6/10
Samantha: The Early Years.
6 October 2010
Warning: Spoilers
If you like the TV series "Bewitched," you'll like this whimsical Thorne Smith comedy because the TV series is a direct rip off.

Veronica Lake and Cecil Callaway are witches in colonial New England consigned to live inside a tree by the Wooley family of Puritans. They do what they can from their prison to make life miserable for the family over the centuries.

Released from the wood by a bolt of lightning, they assume human form and torment the latest member of the Wooley family, Frederic March, who is running for governor and is about to marry a society girl, Susan Hayward.

Complications ensue. Lake falls in love with March. Callaway is imprisoned in a bottle of brandy and stashed away forever, happily, in a locked cabinet. The witches have disrupted the marriage in a dozen ways and March finally falls for Lake. The two elope. It's a scandal and March will not be elected governor, except that Lake bewitches everyone in the state and he receives every vote. His opponent doesn't even vote for himself.

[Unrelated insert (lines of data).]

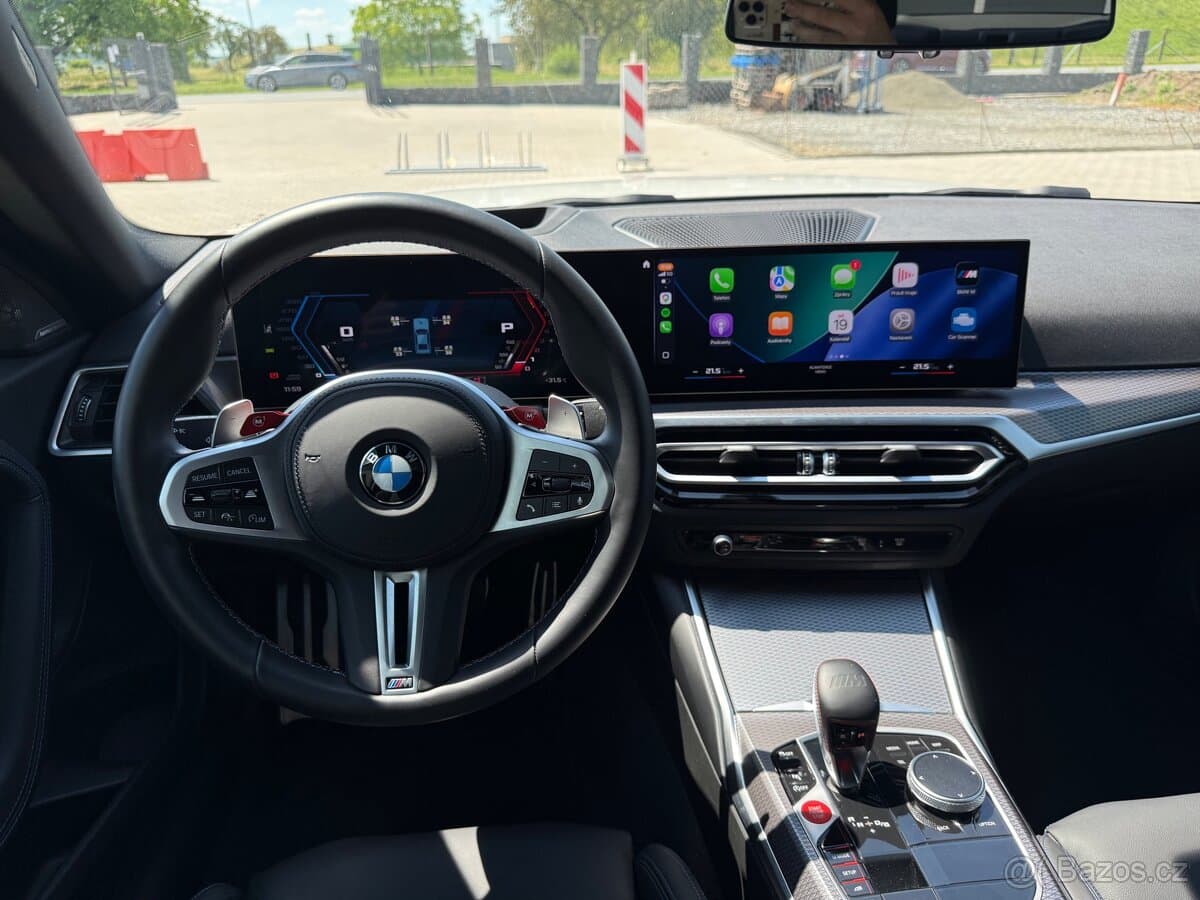 2024 BMW M2 - 12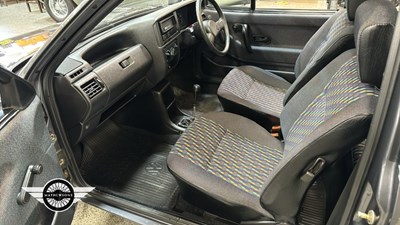 Lot 70 - 1991 VOLKSWAGEN POLO CL COUPE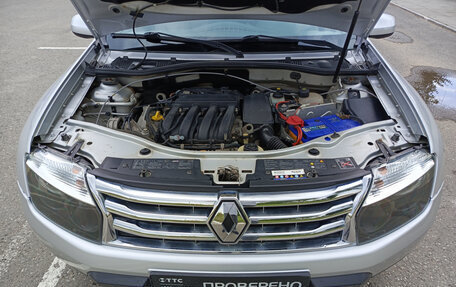 Renault Duster I рестайлинг, 2012 год, 841 000 рублей, 11 фотография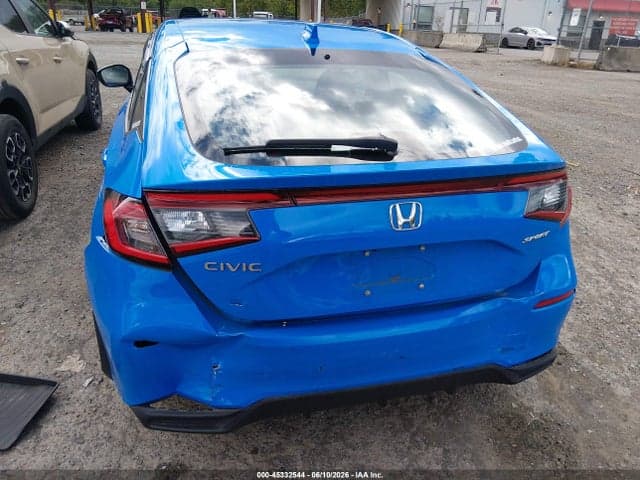 2023 HONDA CIVIC SPORT 6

But in the end, Lake is forced to give up her supernatural powers and she and Governor March settle down to a happy bourgeois life with a couple of children, one of whom shows witchy tendencies.

In the 1920s and 30s Thorne Smith wrote a series of novels, including the Topper series, about ghosts, witches, and playful spirits. They were all cast from similar molds but were sometimes hilarious, in the understated and slightly patrician ways that other writers of the period -- S. J. Perelman, Robert Benchley, James Thurber, and E. B. White -- could be. But Smith pounded a lot of booze and died at 42. "I Married a Witch" is based on his last book, published posthumously.

I enjoyed his stories enormously when I was a kid. They were both funny and racy. But I read "Topper" again recently and found it a little repetitious and not quite so outrageous. Everything is more outrageous now than when I was a kid. Nobody rolls hoops or smokes corn silk behind the old barn anymore. Where did it all go? (Sob.) This movie, too, isn't as impressive now as it must have been when it was released. The special effects are of the period. The gags that might have been shocking then -- a girl in pajamas spends the night in a stranger's chaste bed -- are not only not shocking. They're not in the least amusing. I'm afraid culture has out-distanced both Smith and the films made from his work.

Not to suggest this is a complete loss. It has its moments. The performers are engaging, Lake is cuddly, and Benchley is funny.